On 11/3/19 6:43 am, Adam Goryachev wrote:
On 11/3/19 2:10 am, Wols Lists wrote:
On 10/03/19 11:14, Reindl Harald wrote:
I'd like to modify the raid layer such that it times out quickly, and
recalculates and rewrites the data after a few seconds, such that these
drives cease to be a problem,
I probably know a lot less here, but is this a RAID layer issue? Isn't
it up to root to decide how long the timeout is (below the RAID layer,
eg SATA or SCSI etc layer)? Ideally, you don't WANT the RAID layer to
kick a "slow" disk, we don't know *why* it is slow, and as soon as we
kick it, or make it do more work than it already is, then we risk making
the "slow" problem even worse (ie, losing redundancy).
You can't do anything about the timeout. The *problem* is if you try and
do what you suggest (time out quickly, recaclulate and write) it'll die
painfully which is *why* we run the script to increase the kernel timeouts.
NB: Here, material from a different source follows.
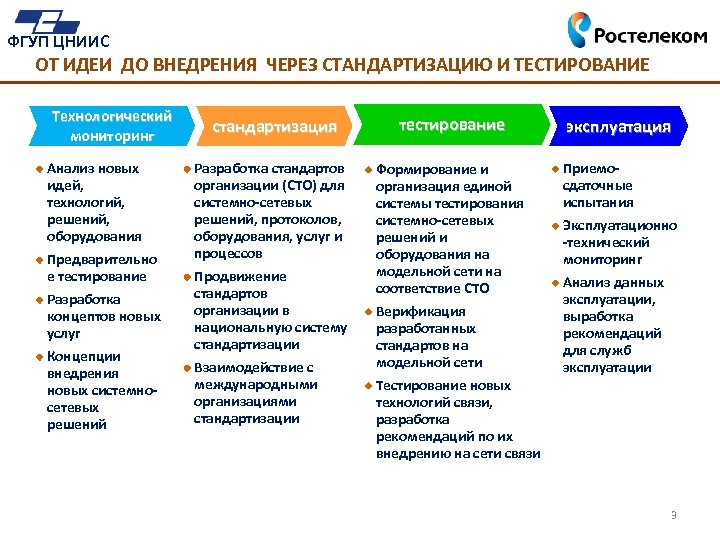 Внедрение исследований. Разработка внедрение тестирование. План внедрения тестирования. Тестирование внедряемой системы. Этапы внедрения тестирования.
Specifically the issue is the drive will take as long as it takes and
you can't make it go any quicker. While it's doing its thing it is
non-responsive on the bus. So the default timeout of ~30 seconds goes
like this :
Time = 0 - Drive - "Choke on a duff sector, let me try and take ~120
seconds to read it"
Time = 30 - Kernel - "Hello drive, you've taken too long. Let me
re-calculate that data and have you re-write it".
Time = 30 - Drive ....
Time = 30 + not very long - Kernel - "I see the drive is dead. Write
failed. Kick it from the array and pretend we can't see it anymore".
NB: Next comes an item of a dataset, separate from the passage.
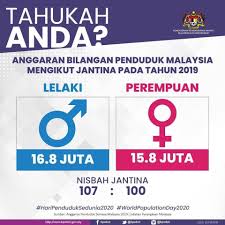 Data diperolehi daripada bancian rasmi oleh jabatan perangkaan malaysia. Tahukah Anda Anggaran Nisbah Jantina Berita Rtm Sabah Facebook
Time = (somewhere more than 30 and less than 180) - Drive - "I'm done.
Didn't get a good read, so have a read error in return"
Time = _same_ - Kernel .....
Dead, gone. Somewhere in there might be a bus reset, but the drive will
ignore that also while it's off into the weeds.
Now turn the kernel timeout past the point of the longest drive retry
and things look different.
Time = 0 - Drive - "Choke on a duff sector, let me try and take ~7
seconds to read it"
Time = (somewhere less than or equal to 7) - Drive - "I'm done. Didn't
get a good read, so have a read error in return"
Time = _same_ - Kernel - "Thanks for that. Here let me give you a sector
to re-write"
Time = _same_ - Drive - "Done, anything else?"
So with SCTERC you turn that indeterminate 180 < X > 30 second pause
into a definite "less than whatever the default, or the time you set"
delay and all those issues go away.
Of course the other thing is while you are waiting on the commodity
drive to do its thing, the array is sitting there doing nothing.
So, no. You can't do what you intend to do. It won't work. Buy decent
drives.
If you do manage to figure out how to make it work (surely you could
power cycle and bus reset a drive in less than 120 seconds) then I'll
buy shares in your storage company.
As for SMART tests. I used to schedule SMART long tests on a 24 drive
array to start 1 hour before the monthly RAID scrub *while* beating them
up with a heavy random read/write load. Things always got glacial but I
never lost a drive, so I suspect there is something else going on.
Since it's reproducible, how about some block traces?
Regards,
Brad